On Thursday we had to hike around a large windfall near 25 km.
I see that the invasive spotted knapweed is now in bloom. I am trying very hard to minimize it in our property as, if left alone, it tends to take over from native plants. This has me thinking about alien and invasive plants. The definition of an invasive species is “An organism that causes ecological or economic harm in a new environment where it is not native… invasive species are capable of causing extinctions of native plants and animals, reducing biodiversity, competing with native organisms for limited resources, and altering habitats.” The “Field Guide to Wild Flowers” by Peterson and McKenny covers the area between the 49th and 37th parallel and East of the 95 longitude. Of the 1300 species about 10% are alien, such as the common dandelion, a few, such as Sand Spurrey and Marsh Thistle, are “part alien”; Sand Spurrey being native to only the coastal area. It surprised me that ragweed, which is now in bloom, is not alien. The alien invasive Wild Parsnip was seen on our walk on the Millennium trail.

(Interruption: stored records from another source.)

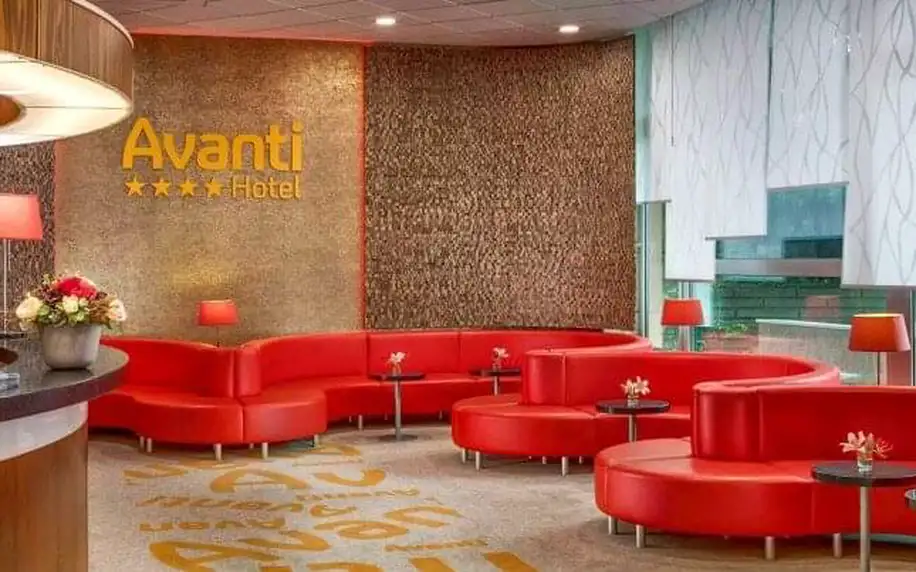 Brno u centra: Hotel Avanti **** se střešním wellness s parádním výhledem (vířivka, sauna) + bowling a snídaně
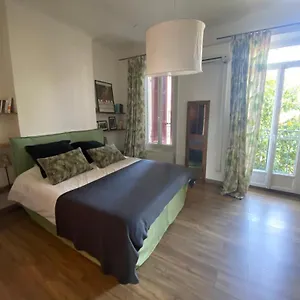t2-au-calme-timone.fr-provencehotel.com/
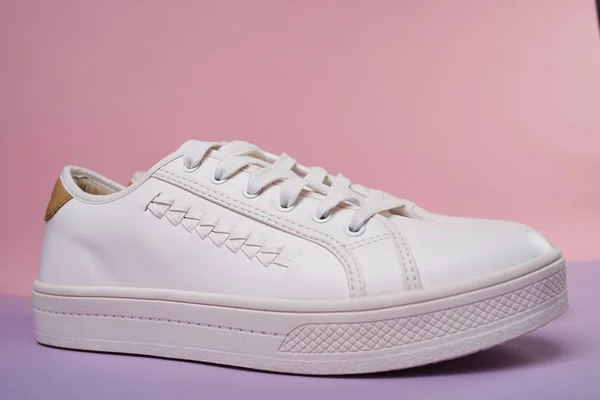 カラフルな背景にファッショナブルな白い靴 — ストック写真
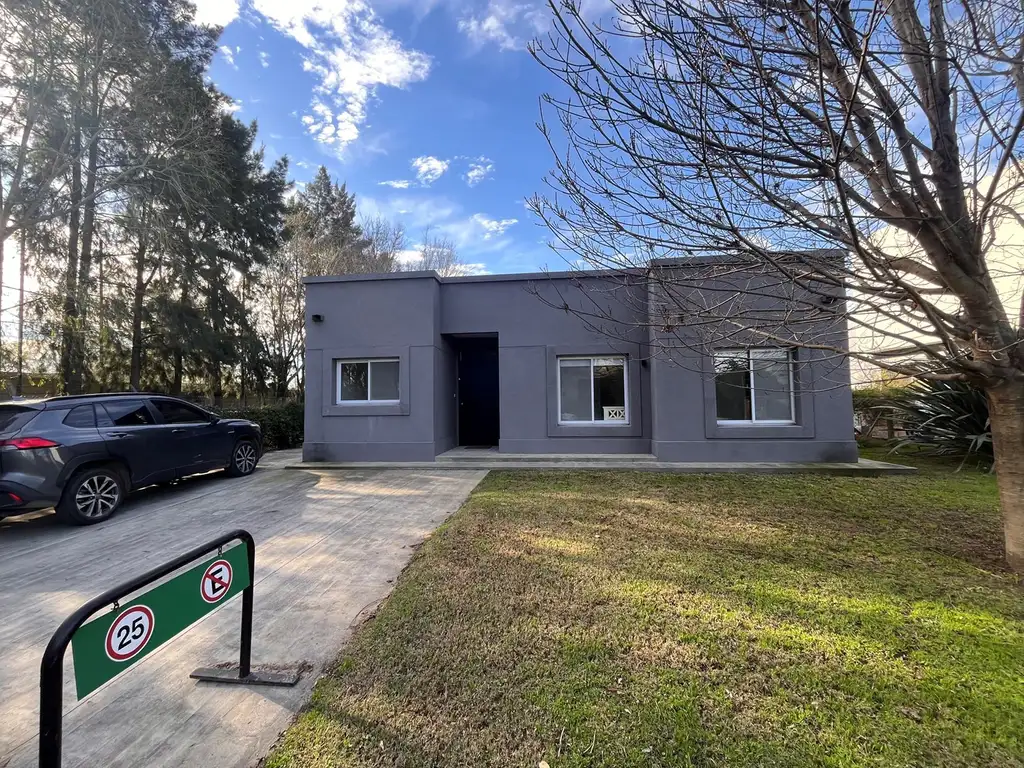 Casa  en Venta en La Comarca, General Pacheco, Tigre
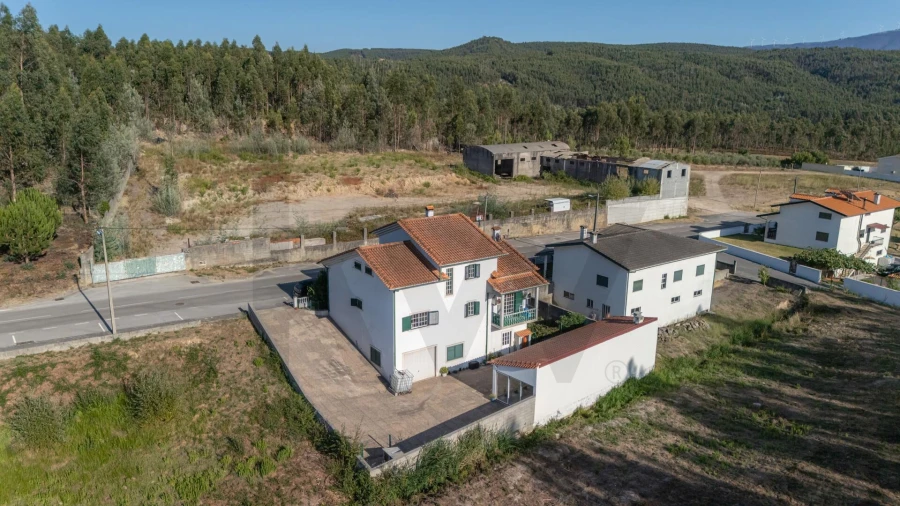 Moradia T3 para Venda em Poiares (Santo Andre) Foto 61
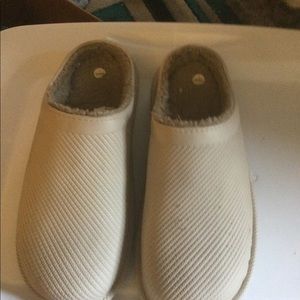 UNBRANDED mens house slippers size 11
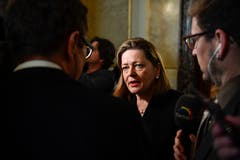 Die unterlegene Bundesratskandidatin Heidi Z'graggen gibt in der Wandelhalle Interviews. (Bild: KEYSTONE/Anthony Anex)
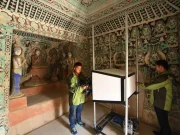 Cina, restauratori al lavoro per preservare le grotte di Mogao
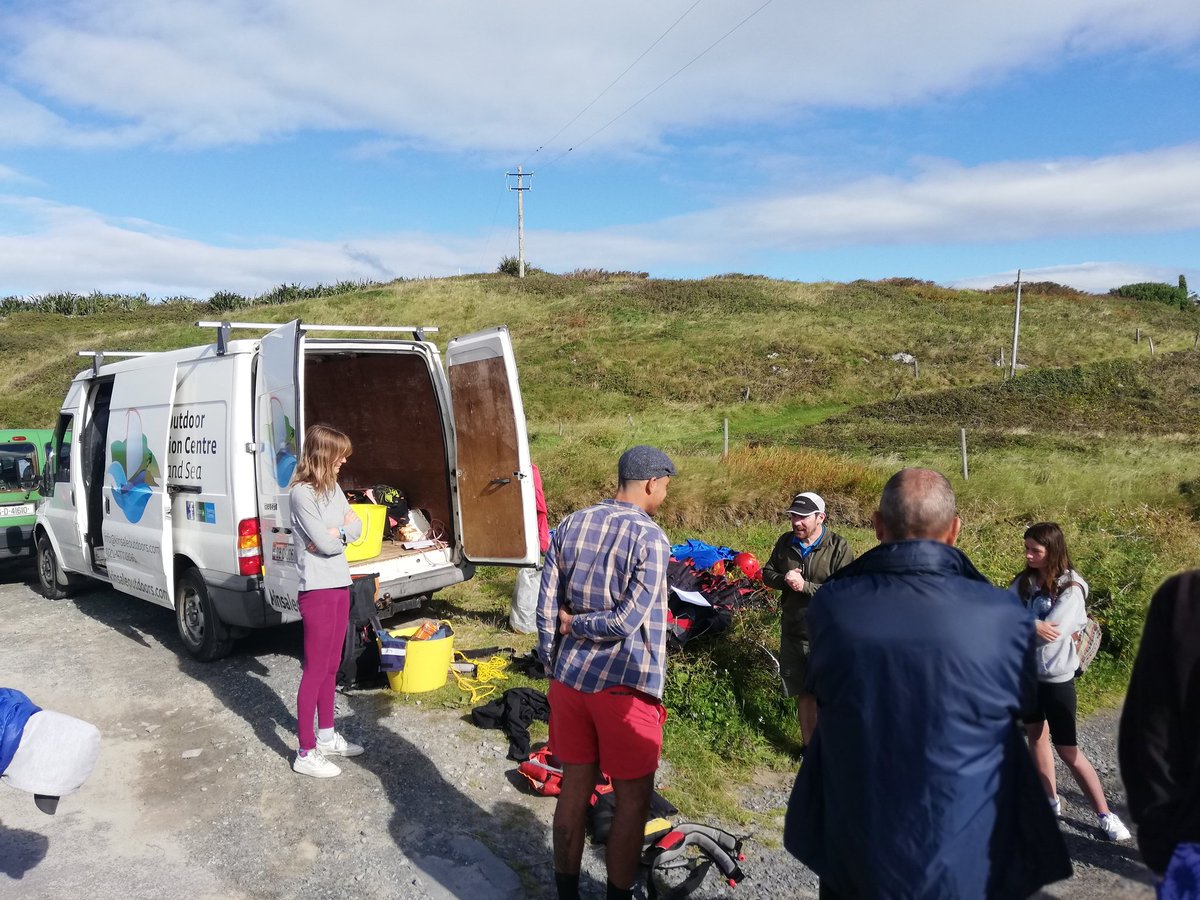 CorkSports's tweet photo. 📢 Active Islands Update 📢

🧭 Participants being briefed on Sherkin Island ahead of their kayaking proficiency course.

Thanks to Jammer and @KinsaleOEC for facilitating this as part of our @sportireland outdoor hub 🛶

#ActiveCork #activeislands https://t.co/zQvVrp9uKX
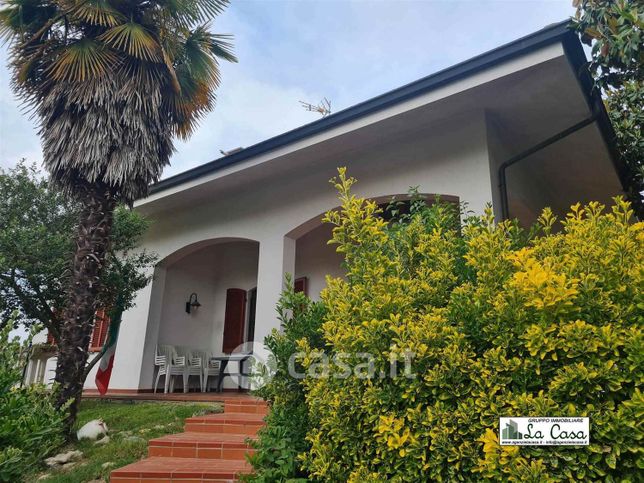 Villa in residenziale in 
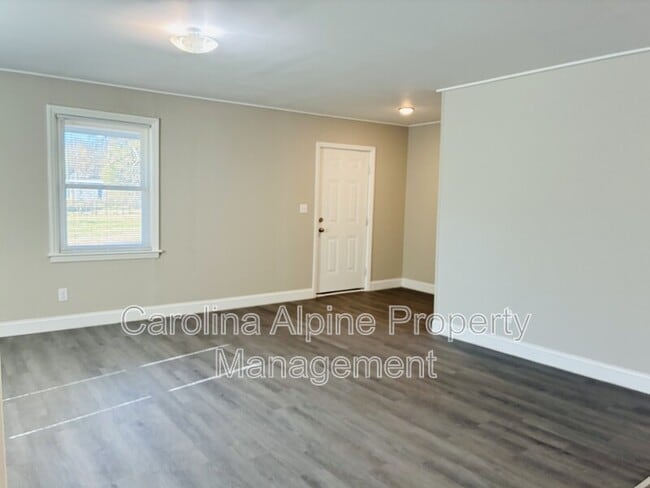 Building Photo - 613 Legrand St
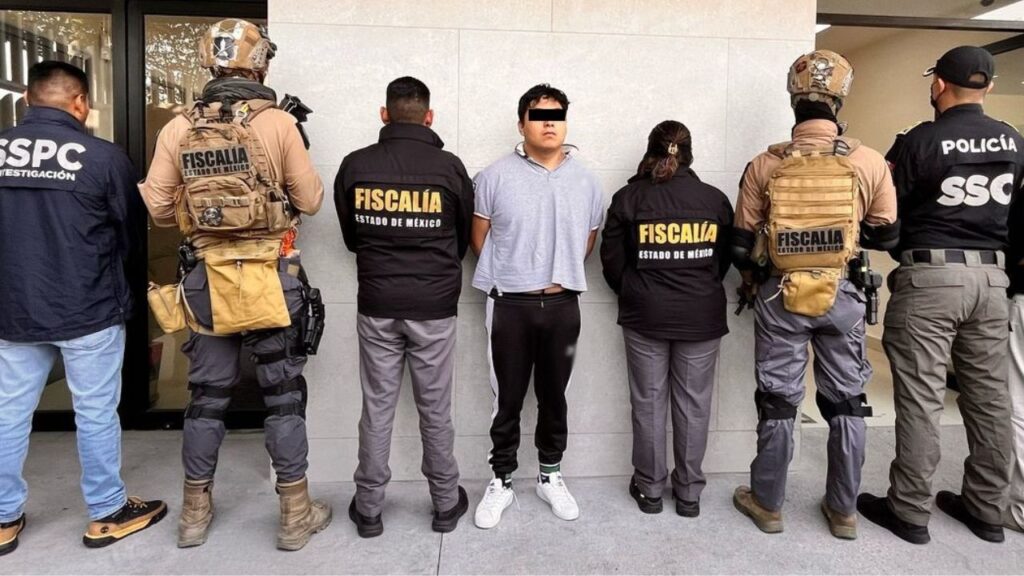 Fuerzas federales detuvieron en Coacalco a Brandon Salvador "M", alias "El Gastoncito" , actual líder del grupo delictivo "Los Gastones".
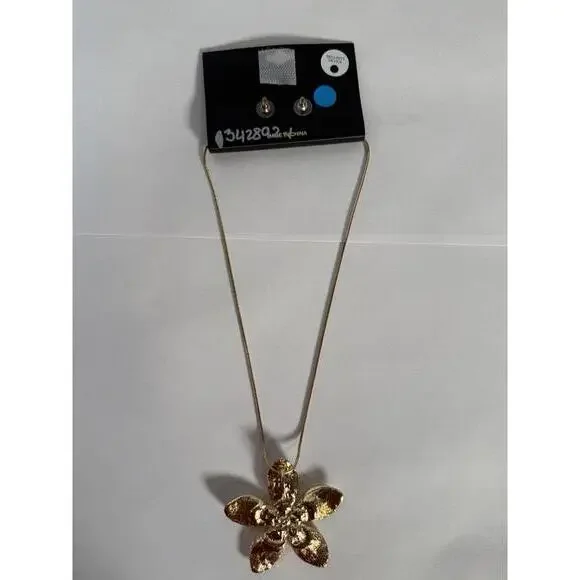 NWT nOir Jewelry Floral Necklace with Earrings Set - Picture 4 of 4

Although Wild parsnip roots are edible, the sap of the plant can cause severe burns. Collecting the plant from the wild should only be done with extreme care, it produces sap containing chemicals that can cause human skin to react to sunlight, resulting in intense burns, rashes or blisters.
Hikers are expected to be socially distant from others.
The Maitland Trail between 9.6 and 10.2 km is expected to be closed until the end of the year
The logging at Lobbs is now not expected until after the Soy bean crop has been harvested.
The reroute round the cottage at 45.3 km has been completed and has added about an extra 2km to the Maitland Trail. Part of the reroute is now just inside Robertson Tract instead of along the Eastern edge of the field
There are no scheduled Maitland Trail Association or Bayfield River Valley Association or LIFE hikes except for the Tuesday Trompers which restarted on June 23rd, and the Eneven day hikers which restarted on July 23rd, we go out at 8:30a.m. for 1 ½ to 2 hours on Wednesday or Thursday whichever has an odd date, e.g Wed July 29th. contact pcapper.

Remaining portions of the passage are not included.